Task objective » Repeat exactly the lines of the entries below from the one with "WV license plate 1CJ810" through the one with "Casual Comfortable Soft", both ends included, and nothing else.

Recorded information »

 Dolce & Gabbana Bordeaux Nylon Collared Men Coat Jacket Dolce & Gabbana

* * *

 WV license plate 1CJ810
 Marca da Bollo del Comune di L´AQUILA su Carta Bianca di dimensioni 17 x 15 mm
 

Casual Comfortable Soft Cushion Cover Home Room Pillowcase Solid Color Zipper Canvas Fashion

Your solution »
 WV license plate 1CJ810
 Marca da Bollo del Comune di L´AQUILA su Carta Bianca di dimensioni 17 x 15 mm
 

Casual Comfortable Soft Cushion Cover Home Room Pillowcase Solid Color Zipper Canvas Fashion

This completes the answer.